● Your task: Restate the full listing word for word; images stay out of it.

● Material provided:
__________________________________________________

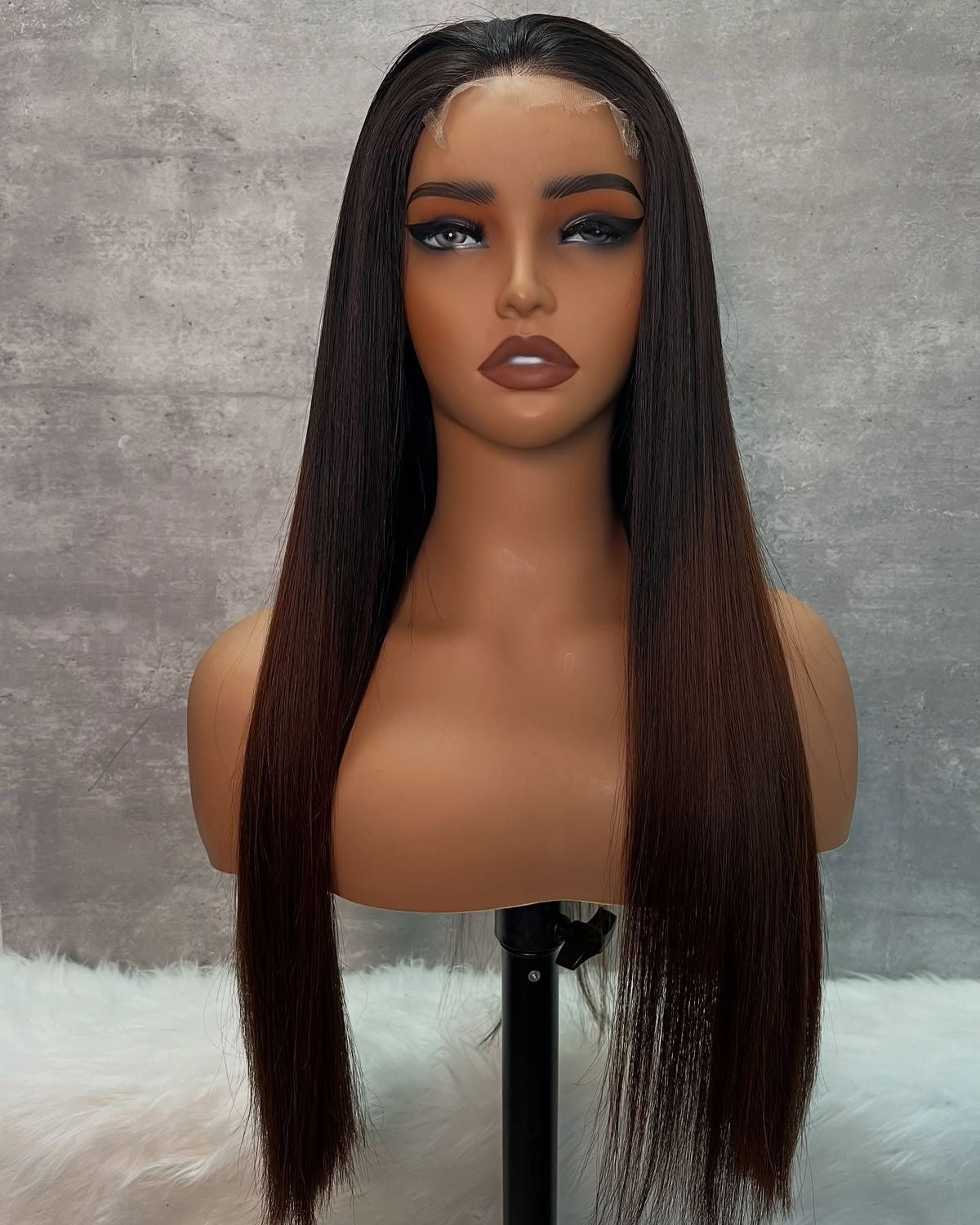 Chocolate Brown Ombre Lace Closure Wig - 100% Single Donor Human Hair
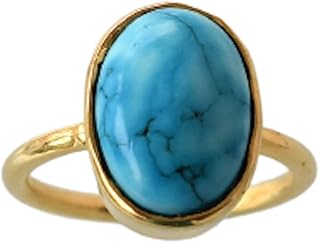 Veracity Jewelry Larimar Rings For Women - March Birthstone Ocean Blue Larimar Gift For Her Bridesmaid Jewelry for Women - Bohemian Fashion Blue Larimar Handmade Jewelry - VR-303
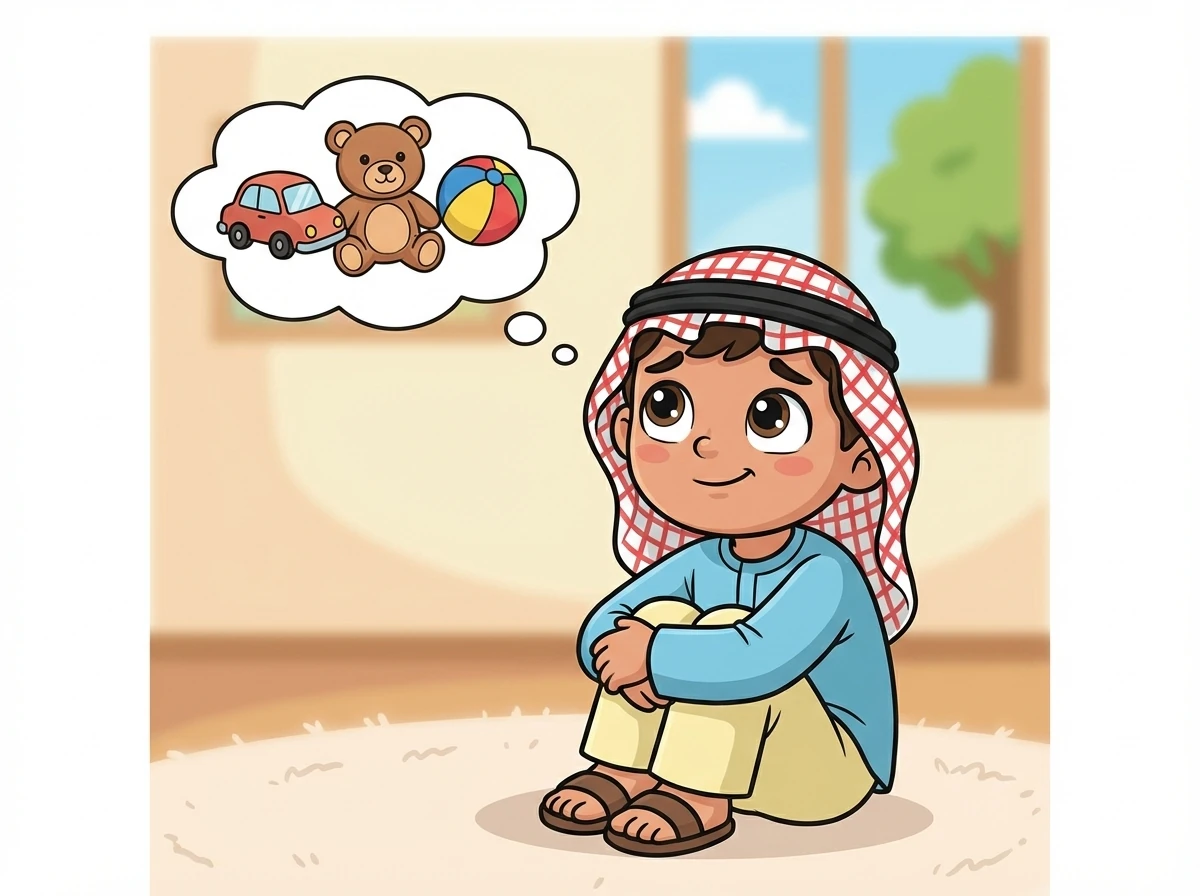 شعر سالم بالوحدة، لكنه لم يبكي. تذكر أن لديه الكثير من الألعاب في البيت.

__________________________________________________

● Response to this exercise:
 Chocolate Brown Ombre Lace Closure Wig - 100% Single Donor Human Hair
 Veracity Jewelry Larimar Rings For Women - March Birthstone Ocean Blue Larimar Gift For Her Bridesmaid Jewelry for Women - Bohemian Fashion Blue Larimar Handmade Jewelry - VR-303
 شعر سالم بالوحدة، لكنه لم يبكي. تذكر أن لديه الكثير من الألعاب في البيت.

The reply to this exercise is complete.